Les faiseuses d’images d’Amérique latine

Présentes dans l’univers de la photographie, les femmes du continent latino-américain ne sont pas juste des muses. Beaucoup d’entre elles sont les créatrices des œuvres que nous regardons. Pourtant, on ne les voit que trop peu. Enquête sur l’absence de visibilité et de reconnaissance des femmes dans le milieu de la photographie en Amérique latine.

Cecilia © Jahel Guerra Roa

« Les magazines ne voulaient pas m’embaucher, parce que j’étais une femme. À l’époque, il n’y avait pas de femmes photographes au Brésil ». Cette phrase, c’est Claudia Andujar qui la prononçait il y a quelques mois alors qu’elle revenait sur son parcours et sur les difficultés qu’elle a pu rencontrer lorsqu’elle débutait sa carrière dans les années 1960. Comme elle, beaucoup de femmes ont dû batailler pour se faire une place. Les pionnières de la photographie en Amérique latine, celles qui ont inspiré et continuent d’inspirer les artistes du continent et au-delà — on pense à Claudia Andujar que l’on vient d’évoquer, mais aussi à Graciela Iturbide et Lola Alvarez Bravo par exemple— ont ouvert la voie à toutes les photographes contemporaines.

Mais, si depuis l’époque évoquée par Claudia Andujar les choses ont certainement changé — il est aujourd’hui bien plus commun d’être une femme et photographe —, la lutte vers l’égalité est loin d’être terminée. Alors que la photographie glisse peu à peu des domaines du reportage et du documentaire vers celui de l’art — l’enjeu n’est plus tant celui de travailler pour un magazine que celui d’avoir la possibilité d’exposer —, la Chilienne Zaida González déplore le fait que, « malgré une production intensive et un travail acharné depuis plus de 20 ans, [elle voit] des hommes accéder beaucoup plus vite et facilement à la reconnaissance — tout en fournissant moins de travail ».

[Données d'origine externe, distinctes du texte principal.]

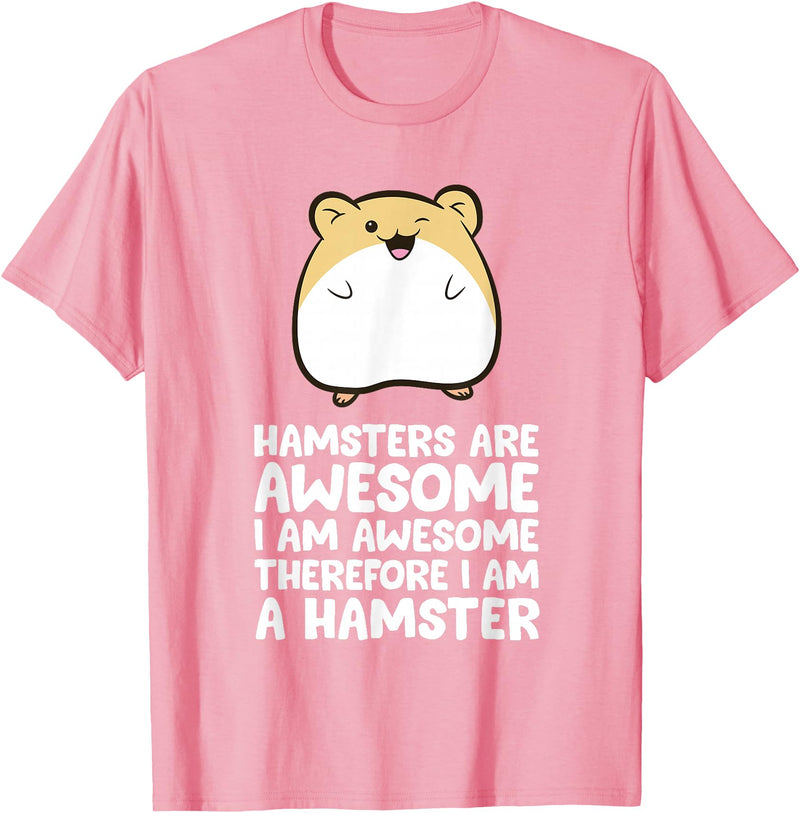 Hamsters are Awesome I'm Awesome Therefore I am a Hamster T-Shirt - Pink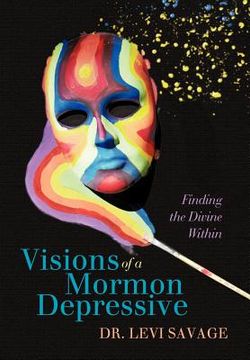 portada visions of a mormon depressive: finding the divine within (en Inglés)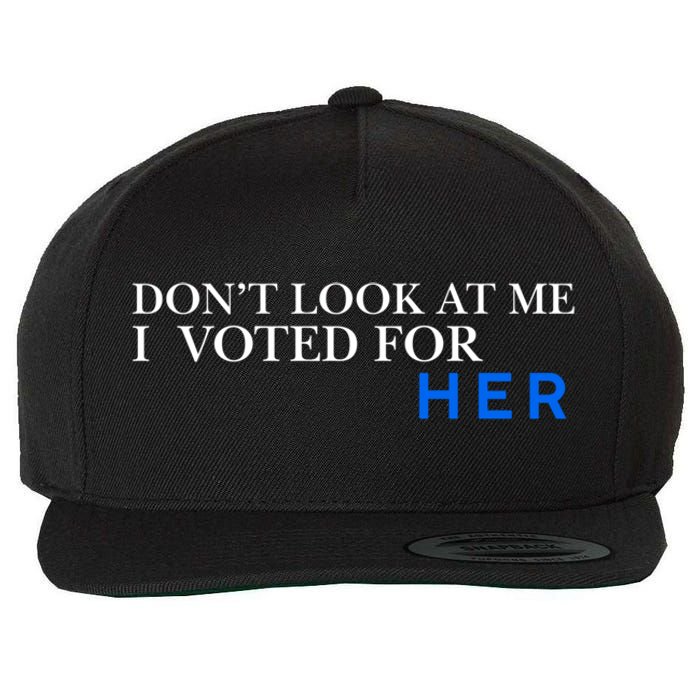 DonT Look At Me I Voted For Her Wool Snapback Cap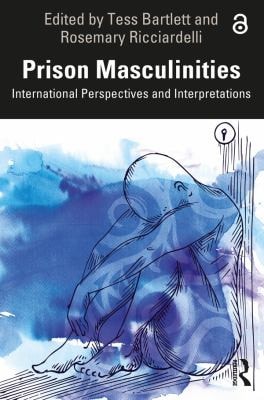 Prison Masculinities International Perspectives and Interpretations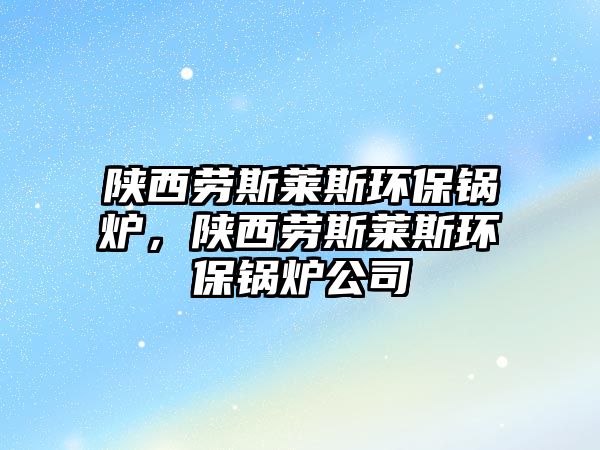 陜西勞斯萊斯環(huán)保鍋爐，陜西勞斯萊斯環(huán)保鍋爐公司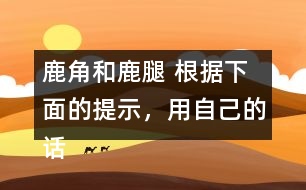 鹿角和鹿腿 根據(jù)下面的提示，用自己的話講講這個(gè)故事。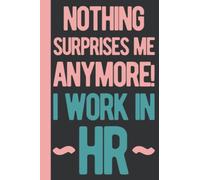 Nothing Surprises Me Anymore I Work In HR: Human Resources Gifts Funny - HR Gifts For Coworkers - Personalized Blank Lined Notebook Journal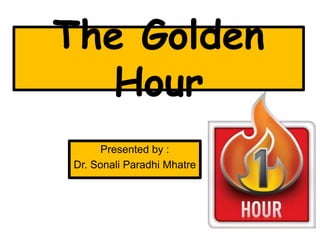 The Golden
Hour
Presented by :
Dr. Sonali Paradhi Mhatre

Loin de se positionner comme victime, l’artiste choisit de lutter en créant un travail subversif — qui lui a parfois valu la censure ou la suppression de manière violente de son travail dans des publications ou événements. Son travail photographique est fait de représentations qui dérangent, car situées en marge des images habituelles. La nécessité de créer ces représentations (notamment de sexualités considérées comme marginales) est née de sa conviction que « l’intime est collectif. Et parce qu’en tant que femme, [elle a] souvent été discriminée et ignorée ». Son Tarot Trans, un jeu de tarot qui, comme son nom l’indique, met en scène des personnes transsexuelles, fait partie de cette démarche. L’artiste cherche à « préserver la culture populaire d’Amérique latine, tout en la croisant avec des thématiques que l’on traîne depuis l’époque de la colonisation jusqu’à notre contexte sociopolitique actuel qui en est le résultat. [Il s’agit dans son travail] de tenter d’érotiser ou de donner du pouvoir aux marginalités qui sont aujourd’hui discriminées ».


© Zaida González

« Courageuses, fortes et décidées »

Jahel Guerra Roa, photographe vénézuélienne, mêle elle aussi l’activisme à son art dans les rues de Barcelone où elle est aujourd’hui installée. Ses projets Mujeres del Maíz et Nada que Celebrar consistent en des portraits de femmes. Ces femmes qui sont son carburant et son inspiration,  sont souvent membres des collectifs engagés qu’elle fréquente : « les femmes que j’ai choisi [de photographier dans ces projets] sont très actives dans les cercles féministes et latinos ». Ses portraits célèbrent les luttes des femmes et la culture latino-américaine depuis la diaspora, et mêlent la photographie et l’engagement concret sur le terrain, puisqu’elle inclut également la performance dans son travail photographique.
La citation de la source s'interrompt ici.